62 local female-made goods, stores to consider for holiday shopping

Blake Boyd and Margaret Gibbs, the business partners and women behind Incite Coffee, are relative newcomers to the industry. But it didn’t take them long to realize how infrequently women are appropriately honored in the male-dominated field of coffee.

Founded in 2017 at the height of the #metoo movement, Boyd and Gibbs wanted to embrace high ethical standards in coffee while lifting up the women behind it. 

“We wanted to draw attention to the genuine inequality in the coffee business,” Boyd said. “Particularly in farms in places where a lot of women aren’t allowed to own land, yet are doing the majority of the work and not getting paid for it.”

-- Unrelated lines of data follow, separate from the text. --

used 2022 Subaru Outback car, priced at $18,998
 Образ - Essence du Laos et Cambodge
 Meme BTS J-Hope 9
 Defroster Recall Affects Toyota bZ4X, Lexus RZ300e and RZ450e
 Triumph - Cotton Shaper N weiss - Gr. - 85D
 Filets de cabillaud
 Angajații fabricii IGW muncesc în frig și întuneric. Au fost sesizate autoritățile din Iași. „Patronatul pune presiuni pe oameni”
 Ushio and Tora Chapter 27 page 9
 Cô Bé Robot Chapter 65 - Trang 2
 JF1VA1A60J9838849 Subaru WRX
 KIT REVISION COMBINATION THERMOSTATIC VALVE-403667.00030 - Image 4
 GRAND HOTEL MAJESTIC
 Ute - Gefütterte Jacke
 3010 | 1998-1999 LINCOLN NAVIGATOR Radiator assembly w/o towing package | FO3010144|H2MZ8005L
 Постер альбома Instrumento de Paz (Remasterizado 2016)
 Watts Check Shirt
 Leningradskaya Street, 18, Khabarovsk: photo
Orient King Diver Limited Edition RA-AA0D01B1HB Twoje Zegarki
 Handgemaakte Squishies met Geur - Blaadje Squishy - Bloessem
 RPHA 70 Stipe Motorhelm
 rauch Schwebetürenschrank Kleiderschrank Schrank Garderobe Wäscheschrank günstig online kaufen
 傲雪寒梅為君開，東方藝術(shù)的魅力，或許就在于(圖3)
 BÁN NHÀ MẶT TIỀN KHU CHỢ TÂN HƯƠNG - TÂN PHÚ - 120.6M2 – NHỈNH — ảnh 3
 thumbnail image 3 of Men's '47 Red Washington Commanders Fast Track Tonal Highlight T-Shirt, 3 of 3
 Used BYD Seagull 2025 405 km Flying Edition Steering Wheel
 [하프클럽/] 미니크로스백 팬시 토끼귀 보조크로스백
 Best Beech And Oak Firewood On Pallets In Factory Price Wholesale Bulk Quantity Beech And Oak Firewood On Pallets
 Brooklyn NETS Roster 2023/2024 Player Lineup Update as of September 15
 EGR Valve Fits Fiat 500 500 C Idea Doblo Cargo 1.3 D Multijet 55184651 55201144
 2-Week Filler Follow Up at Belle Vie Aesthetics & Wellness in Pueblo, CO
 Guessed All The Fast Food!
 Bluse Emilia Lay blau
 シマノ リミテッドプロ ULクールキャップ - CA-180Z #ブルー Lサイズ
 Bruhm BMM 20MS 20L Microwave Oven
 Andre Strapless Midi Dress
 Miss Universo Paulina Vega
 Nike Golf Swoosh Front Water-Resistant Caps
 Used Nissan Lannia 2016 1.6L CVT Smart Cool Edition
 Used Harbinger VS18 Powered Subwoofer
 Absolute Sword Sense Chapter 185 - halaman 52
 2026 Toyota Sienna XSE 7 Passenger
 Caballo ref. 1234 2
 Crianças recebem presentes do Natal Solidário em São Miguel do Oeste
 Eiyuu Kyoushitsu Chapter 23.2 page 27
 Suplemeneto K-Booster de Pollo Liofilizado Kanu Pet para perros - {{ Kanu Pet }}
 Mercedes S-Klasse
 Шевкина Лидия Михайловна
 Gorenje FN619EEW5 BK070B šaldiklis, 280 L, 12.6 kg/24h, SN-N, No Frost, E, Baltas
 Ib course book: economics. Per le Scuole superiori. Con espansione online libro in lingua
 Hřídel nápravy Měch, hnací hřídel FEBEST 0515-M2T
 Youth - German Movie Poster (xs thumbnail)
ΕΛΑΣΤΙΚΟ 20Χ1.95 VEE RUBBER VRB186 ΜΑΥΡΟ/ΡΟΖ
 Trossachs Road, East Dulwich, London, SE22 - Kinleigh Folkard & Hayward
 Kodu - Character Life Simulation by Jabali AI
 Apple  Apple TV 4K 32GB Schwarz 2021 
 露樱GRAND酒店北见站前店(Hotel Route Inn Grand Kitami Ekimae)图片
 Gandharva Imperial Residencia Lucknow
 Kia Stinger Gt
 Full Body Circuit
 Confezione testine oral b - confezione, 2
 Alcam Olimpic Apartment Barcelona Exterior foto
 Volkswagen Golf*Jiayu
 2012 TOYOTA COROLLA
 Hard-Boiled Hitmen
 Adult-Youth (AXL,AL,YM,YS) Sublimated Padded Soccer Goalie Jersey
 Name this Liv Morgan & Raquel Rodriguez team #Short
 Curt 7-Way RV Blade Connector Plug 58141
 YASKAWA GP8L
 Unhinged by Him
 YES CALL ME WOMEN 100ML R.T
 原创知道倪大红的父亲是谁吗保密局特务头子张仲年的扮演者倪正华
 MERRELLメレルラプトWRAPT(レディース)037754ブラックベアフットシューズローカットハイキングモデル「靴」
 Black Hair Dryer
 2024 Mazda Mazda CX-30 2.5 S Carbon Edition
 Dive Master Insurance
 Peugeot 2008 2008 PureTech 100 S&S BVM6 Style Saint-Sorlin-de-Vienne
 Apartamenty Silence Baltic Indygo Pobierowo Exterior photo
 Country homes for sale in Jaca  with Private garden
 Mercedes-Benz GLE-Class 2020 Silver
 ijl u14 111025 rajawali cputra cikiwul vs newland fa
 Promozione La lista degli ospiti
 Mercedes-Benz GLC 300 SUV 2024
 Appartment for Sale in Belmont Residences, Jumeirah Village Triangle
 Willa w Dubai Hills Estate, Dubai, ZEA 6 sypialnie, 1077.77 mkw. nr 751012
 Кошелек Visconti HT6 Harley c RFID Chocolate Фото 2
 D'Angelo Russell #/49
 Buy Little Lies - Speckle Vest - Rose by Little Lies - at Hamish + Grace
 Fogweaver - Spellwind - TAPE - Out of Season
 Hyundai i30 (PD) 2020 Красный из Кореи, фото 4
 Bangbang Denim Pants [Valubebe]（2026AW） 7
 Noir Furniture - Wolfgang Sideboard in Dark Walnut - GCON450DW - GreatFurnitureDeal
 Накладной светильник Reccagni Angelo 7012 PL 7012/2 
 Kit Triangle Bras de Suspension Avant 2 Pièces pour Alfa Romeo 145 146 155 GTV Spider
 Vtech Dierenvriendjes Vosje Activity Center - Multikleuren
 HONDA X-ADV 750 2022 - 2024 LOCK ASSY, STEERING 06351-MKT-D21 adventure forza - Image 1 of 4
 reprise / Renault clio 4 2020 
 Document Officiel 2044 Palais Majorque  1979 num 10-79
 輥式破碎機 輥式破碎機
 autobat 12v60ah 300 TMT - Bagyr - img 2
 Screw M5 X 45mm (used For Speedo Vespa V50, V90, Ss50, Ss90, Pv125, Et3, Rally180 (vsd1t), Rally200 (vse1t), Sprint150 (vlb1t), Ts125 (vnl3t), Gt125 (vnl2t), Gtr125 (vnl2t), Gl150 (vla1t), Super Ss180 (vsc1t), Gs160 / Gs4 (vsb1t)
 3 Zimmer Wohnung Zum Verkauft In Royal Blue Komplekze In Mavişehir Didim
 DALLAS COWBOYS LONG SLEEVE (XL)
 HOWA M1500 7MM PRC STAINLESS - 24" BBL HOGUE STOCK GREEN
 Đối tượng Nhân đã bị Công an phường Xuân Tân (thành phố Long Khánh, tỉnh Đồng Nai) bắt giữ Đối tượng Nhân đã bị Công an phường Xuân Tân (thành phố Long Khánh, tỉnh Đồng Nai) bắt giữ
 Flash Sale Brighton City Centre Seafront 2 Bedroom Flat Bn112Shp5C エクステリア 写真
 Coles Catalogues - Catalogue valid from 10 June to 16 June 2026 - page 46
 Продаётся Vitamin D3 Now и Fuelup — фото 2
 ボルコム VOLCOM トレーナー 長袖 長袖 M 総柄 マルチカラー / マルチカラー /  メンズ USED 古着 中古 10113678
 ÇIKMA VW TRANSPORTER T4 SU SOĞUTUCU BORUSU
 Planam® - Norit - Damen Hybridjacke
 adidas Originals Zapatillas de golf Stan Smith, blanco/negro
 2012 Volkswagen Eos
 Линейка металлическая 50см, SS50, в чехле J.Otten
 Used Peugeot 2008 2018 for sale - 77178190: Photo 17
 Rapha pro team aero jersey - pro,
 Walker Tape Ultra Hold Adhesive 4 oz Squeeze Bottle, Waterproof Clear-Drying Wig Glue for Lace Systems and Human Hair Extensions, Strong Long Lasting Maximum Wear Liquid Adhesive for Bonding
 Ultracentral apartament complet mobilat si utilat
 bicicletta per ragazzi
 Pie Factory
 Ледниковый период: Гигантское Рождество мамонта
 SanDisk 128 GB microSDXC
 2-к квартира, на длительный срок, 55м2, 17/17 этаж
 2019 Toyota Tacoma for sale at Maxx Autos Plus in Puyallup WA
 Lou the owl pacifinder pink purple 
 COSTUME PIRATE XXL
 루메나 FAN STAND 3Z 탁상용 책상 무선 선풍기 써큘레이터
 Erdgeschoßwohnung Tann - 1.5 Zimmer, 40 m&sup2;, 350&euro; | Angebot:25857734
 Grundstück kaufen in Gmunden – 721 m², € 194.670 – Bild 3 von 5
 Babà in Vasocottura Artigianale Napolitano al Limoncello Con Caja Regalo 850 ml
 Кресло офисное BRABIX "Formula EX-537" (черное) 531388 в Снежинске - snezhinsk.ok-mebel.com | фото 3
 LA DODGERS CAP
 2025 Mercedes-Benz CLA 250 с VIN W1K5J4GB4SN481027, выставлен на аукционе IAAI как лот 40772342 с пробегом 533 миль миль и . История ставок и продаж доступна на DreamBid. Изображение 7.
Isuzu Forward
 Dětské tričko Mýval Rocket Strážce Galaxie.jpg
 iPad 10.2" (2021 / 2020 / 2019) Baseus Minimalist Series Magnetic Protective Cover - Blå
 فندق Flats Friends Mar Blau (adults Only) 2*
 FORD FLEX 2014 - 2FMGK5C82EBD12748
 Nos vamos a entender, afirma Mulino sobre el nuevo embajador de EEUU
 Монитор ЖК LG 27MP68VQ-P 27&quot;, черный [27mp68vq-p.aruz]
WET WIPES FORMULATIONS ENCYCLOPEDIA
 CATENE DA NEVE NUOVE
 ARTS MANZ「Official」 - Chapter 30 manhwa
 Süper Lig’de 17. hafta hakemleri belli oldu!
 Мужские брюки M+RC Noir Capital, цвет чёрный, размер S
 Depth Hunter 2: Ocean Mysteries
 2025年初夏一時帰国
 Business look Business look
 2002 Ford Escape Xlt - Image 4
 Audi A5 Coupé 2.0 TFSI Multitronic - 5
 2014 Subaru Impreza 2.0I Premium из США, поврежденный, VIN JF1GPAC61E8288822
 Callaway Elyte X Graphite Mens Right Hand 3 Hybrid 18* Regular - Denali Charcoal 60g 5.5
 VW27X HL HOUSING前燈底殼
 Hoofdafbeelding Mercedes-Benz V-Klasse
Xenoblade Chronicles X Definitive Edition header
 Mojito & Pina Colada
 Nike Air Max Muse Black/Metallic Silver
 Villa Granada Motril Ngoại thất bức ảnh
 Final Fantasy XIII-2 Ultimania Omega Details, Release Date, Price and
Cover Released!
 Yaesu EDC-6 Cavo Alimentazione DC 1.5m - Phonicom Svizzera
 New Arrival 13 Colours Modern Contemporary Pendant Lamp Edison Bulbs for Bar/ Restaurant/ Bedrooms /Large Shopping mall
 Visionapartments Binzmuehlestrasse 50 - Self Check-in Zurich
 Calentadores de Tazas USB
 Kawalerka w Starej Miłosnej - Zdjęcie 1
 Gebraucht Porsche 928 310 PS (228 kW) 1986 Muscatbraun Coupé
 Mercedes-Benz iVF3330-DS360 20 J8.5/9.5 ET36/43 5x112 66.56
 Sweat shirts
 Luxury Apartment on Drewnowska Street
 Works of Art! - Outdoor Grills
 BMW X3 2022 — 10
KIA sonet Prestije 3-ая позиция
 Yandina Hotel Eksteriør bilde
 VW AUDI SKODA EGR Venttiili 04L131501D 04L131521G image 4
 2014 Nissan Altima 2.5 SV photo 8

More:The Times Bar at S&W reopens after 260 days, serving craft coffee, no booze

To try to reverse that narrative, the coffee company works to keep women front and center. Incite’s owners achieve that visually on coffee packaging with Asheville artist Nicolette Yates‘ portraits of women behind the beans. You might see the face of Alba Rosa, whose shade-grown Honduran coffee has hints of hibiscus.

One of the women behind the coffee beans featured in Incite Coffee.

Or you might see the face of Ibu Rahmah, a social justice warrior who founded the Ketiara Cooperative in North Sumatra, Indonesia. Rahmah’s work to improve health care, education and gender equality throughout the Gayonese community, is immortalized on the label of Ibu’s North Sumatran coffee.

“Women are the cornerstone of taking care of the community as a whole,” Boyd said.